Anketinin sonuçları,uluslararası ve ulusal piyasalardaki son dönemdeki hareketliliğin etkisiyle katılımcıların genel olarak beklentilerinin önceki anketlerdekilere göre oldukça değiştiğini gösterdi.
Ankette, önümüzdeki üç aylık dönemde bankacılık sektörünün aktif büyüklüğü ve kredi hacimlerinde büyüme beklentisinin azalarak da olsa devam etmekte olduğu, bunun yanında aynı kalacak yönündeki beklentilerde artış olduğu gözlendi.

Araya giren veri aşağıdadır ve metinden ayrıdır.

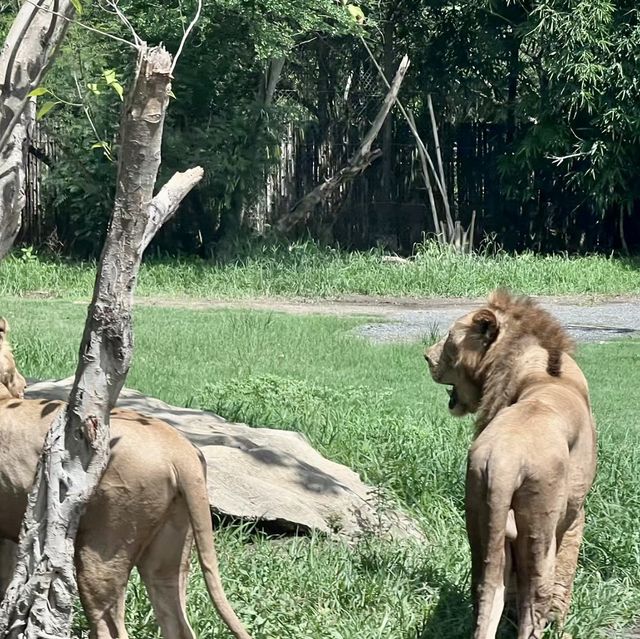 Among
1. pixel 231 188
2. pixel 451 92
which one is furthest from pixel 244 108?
pixel 451 92

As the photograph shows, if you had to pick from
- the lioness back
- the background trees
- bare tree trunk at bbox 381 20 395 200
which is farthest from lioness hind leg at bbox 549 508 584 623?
bare tree trunk at bbox 381 20 395 200

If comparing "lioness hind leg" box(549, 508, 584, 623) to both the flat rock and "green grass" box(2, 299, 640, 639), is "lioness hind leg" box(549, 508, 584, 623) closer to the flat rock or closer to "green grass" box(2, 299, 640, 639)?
"green grass" box(2, 299, 640, 639)

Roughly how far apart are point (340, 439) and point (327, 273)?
981 cm

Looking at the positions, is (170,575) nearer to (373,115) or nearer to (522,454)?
(522,454)

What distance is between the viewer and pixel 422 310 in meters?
15.6

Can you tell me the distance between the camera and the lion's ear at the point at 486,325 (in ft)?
16.7

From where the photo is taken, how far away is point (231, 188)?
1834 cm

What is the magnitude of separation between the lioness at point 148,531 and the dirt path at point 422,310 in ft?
28.6

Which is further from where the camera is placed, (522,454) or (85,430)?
(522,454)

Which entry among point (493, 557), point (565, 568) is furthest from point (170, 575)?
point (565, 568)

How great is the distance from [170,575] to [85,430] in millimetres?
624

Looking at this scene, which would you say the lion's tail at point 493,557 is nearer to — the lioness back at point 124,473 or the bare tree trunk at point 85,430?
the lioness back at point 124,473

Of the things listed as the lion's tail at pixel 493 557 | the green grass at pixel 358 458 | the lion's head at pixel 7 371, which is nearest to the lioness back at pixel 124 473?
the lion's head at pixel 7 371

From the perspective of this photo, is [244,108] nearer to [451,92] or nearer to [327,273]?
[327,273] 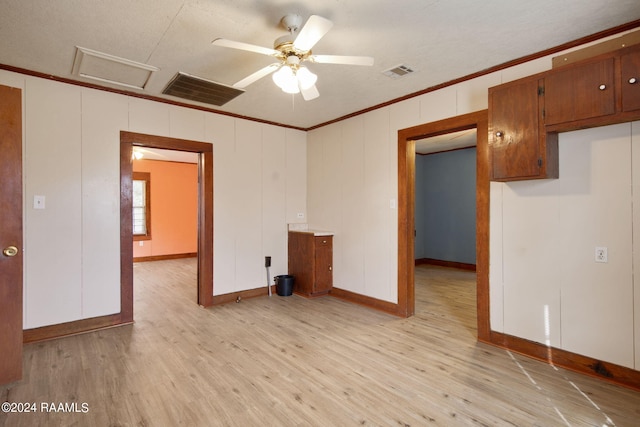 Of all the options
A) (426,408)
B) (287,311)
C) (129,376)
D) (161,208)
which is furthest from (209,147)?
(161,208)

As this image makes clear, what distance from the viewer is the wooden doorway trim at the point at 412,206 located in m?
3.21

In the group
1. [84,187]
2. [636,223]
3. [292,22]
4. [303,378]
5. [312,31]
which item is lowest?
[303,378]

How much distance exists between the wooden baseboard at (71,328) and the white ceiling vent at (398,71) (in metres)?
4.00

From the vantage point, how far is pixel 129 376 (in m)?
2.55

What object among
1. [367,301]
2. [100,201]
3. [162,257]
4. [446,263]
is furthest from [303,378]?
[162,257]

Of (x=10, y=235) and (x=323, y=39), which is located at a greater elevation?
(x=323, y=39)

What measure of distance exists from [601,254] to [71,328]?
5.02 m

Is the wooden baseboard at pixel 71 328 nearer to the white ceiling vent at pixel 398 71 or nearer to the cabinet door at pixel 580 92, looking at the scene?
the white ceiling vent at pixel 398 71

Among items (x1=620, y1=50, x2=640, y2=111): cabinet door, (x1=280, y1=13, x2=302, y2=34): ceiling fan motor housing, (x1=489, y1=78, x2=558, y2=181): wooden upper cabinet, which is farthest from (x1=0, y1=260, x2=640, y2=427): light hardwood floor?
(x1=280, y1=13, x2=302, y2=34): ceiling fan motor housing

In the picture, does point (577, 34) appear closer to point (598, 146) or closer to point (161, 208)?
point (598, 146)

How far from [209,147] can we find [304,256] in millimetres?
2085

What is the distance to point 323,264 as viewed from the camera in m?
4.84

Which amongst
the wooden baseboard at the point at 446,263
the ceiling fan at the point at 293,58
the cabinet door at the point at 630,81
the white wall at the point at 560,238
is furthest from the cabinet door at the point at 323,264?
the wooden baseboard at the point at 446,263

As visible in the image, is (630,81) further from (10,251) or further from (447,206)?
(447,206) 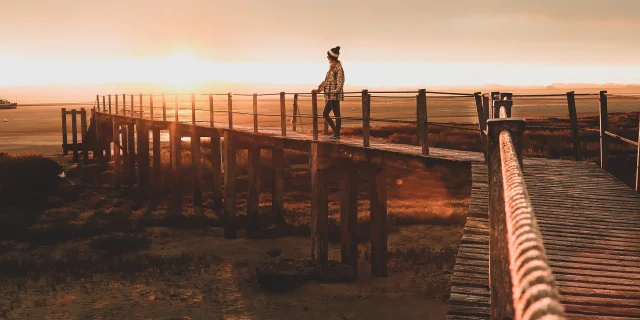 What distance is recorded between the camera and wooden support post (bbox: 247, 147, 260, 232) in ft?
54.8

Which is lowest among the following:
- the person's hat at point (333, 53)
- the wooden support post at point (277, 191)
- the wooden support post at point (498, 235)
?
the wooden support post at point (277, 191)

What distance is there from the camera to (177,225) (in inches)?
698

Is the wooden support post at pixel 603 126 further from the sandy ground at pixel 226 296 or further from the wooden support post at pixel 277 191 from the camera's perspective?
the wooden support post at pixel 277 191

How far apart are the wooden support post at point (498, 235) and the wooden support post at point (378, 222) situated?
947cm

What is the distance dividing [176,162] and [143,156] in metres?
3.62

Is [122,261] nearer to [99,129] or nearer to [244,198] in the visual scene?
[244,198]

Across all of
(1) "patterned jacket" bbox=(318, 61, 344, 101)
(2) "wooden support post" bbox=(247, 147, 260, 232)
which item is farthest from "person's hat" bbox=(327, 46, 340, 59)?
(2) "wooden support post" bbox=(247, 147, 260, 232)

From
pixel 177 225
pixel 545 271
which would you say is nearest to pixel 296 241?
pixel 177 225

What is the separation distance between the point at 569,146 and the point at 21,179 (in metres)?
21.9

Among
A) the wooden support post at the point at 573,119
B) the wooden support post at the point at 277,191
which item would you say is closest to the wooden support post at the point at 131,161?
the wooden support post at the point at 277,191

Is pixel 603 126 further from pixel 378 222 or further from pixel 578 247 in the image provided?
pixel 378 222

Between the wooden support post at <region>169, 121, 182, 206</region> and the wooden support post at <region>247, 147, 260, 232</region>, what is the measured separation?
4.25 metres

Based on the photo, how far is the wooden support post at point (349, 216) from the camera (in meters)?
12.7

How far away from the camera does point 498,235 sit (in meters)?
2.03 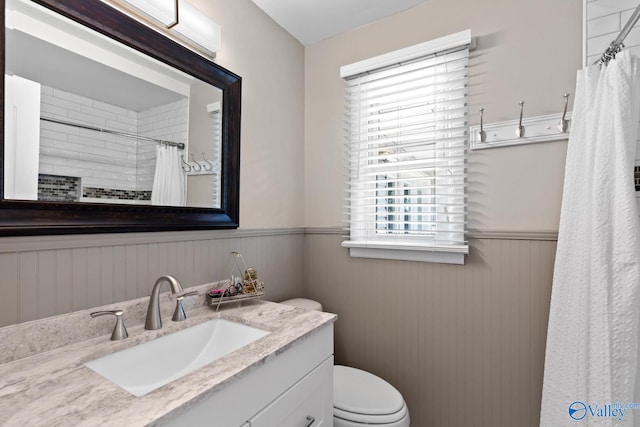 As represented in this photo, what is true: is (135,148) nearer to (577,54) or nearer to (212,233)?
(212,233)

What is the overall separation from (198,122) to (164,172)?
288mm

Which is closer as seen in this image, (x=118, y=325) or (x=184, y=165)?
(x=118, y=325)

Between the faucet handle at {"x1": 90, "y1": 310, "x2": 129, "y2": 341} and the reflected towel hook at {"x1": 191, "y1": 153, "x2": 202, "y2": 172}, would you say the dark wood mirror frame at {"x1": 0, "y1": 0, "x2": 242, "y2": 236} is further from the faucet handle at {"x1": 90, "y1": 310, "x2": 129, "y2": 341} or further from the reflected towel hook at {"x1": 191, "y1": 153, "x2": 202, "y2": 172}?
the faucet handle at {"x1": 90, "y1": 310, "x2": 129, "y2": 341}

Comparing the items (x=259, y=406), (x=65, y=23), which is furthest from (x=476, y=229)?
(x=65, y=23)

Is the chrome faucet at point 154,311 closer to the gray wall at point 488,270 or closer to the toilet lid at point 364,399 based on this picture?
the toilet lid at point 364,399

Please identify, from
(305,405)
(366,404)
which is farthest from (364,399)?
(305,405)

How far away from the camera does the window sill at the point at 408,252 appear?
1496 millimetres

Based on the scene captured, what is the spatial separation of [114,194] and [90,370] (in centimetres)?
54

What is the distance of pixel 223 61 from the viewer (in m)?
1.44

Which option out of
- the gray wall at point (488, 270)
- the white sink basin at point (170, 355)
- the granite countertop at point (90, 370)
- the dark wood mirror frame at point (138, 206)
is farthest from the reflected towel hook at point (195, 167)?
the gray wall at point (488, 270)

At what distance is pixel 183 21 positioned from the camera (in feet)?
4.00

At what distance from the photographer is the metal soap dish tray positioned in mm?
1290

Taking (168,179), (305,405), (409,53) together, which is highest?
(409,53)

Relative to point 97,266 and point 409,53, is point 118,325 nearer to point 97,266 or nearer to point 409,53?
point 97,266
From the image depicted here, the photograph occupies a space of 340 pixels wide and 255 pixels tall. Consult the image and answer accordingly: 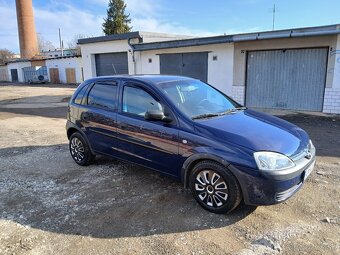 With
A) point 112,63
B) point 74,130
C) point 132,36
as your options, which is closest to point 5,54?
point 112,63

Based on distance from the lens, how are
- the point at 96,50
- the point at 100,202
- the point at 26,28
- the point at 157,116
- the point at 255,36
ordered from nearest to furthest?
the point at 157,116 < the point at 100,202 < the point at 255,36 < the point at 96,50 < the point at 26,28

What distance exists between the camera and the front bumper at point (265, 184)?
126 inches

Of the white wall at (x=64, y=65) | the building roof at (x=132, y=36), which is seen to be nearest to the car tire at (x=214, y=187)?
the building roof at (x=132, y=36)

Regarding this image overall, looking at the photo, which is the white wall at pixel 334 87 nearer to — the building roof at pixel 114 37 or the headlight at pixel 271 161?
the headlight at pixel 271 161

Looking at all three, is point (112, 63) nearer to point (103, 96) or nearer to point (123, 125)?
point (103, 96)

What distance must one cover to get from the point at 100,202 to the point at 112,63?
1499cm

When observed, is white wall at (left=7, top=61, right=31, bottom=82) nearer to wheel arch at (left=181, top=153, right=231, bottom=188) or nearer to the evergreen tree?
the evergreen tree

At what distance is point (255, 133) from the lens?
360cm

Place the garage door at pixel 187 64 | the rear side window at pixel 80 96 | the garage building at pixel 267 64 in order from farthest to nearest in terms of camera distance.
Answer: the garage door at pixel 187 64 < the garage building at pixel 267 64 < the rear side window at pixel 80 96

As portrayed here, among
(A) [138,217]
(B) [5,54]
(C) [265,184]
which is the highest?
(B) [5,54]

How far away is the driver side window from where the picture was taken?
4204 mm

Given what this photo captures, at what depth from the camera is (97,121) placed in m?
4.99

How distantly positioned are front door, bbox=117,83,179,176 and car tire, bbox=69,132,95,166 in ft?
3.41

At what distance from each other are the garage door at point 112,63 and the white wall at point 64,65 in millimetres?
13144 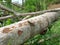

Önümüzdeki 3 aylık dönemde katılımcıların yüzde 89'u TÜFE'de, yüzde 63'ü iç borçlanma faiz oranlarında artış beklentisi içinde olduğunu bildirdi. Bir önceki anket döneminde TÜFE ve iç borçlanma faiz oranlarındaki artış beklentileri sırasıyla yüzde 11 ve yüzde 4 düzeyinde kalmıştı.
Buna karşılık, bütçe açığındaki azalmaya yönelik olumlu beklentinin değişmediği ancak, cari açıktaki artış beklentilerinin tersine döndüğü görüldü. Katılımcıların yüzde 40'ı cari açığın azalacağını, yüzde 30'u artacağını ve yüzde 30'u da aynı kalacağını tahmin etti.
Ankette şu sonuçlar ortaya çıktı:
"ABD Dolarına ilişkin değişim beklentisi ise yüzde 45 oranında aynı kalacak yönünde gerçekleşmiştir. Bir önceki anket dönemine göre ABD Dolarına yönelik artış beklentisi azalmış olduğu için bundan sonra kurlarda önemli bir oynaklık beklenmediği sonucuna ulaşılabilir.
Mevduat ve bankalararası para piyasası faiz oranları ile bankaların yurt dışı borçlanma faiz 'spread'lerine ilişkin önceki dönemdeki azalma beklentileri yerini artış beklentilerine bırakmıştır. DTH faiz oranlarında ise önceki döneme paralel olarak artış beklentisi devam etmektedir.
Diğer yandan, konut kredileri, diğer tüketici kredileri ve ticari kredilerin faiz oranlarında da artış yönündeki beklentiler ağırlıktadır. Kredi kartı faiz oranlarının ise yüzde 66 oranında aynı kalması beklenmektedir.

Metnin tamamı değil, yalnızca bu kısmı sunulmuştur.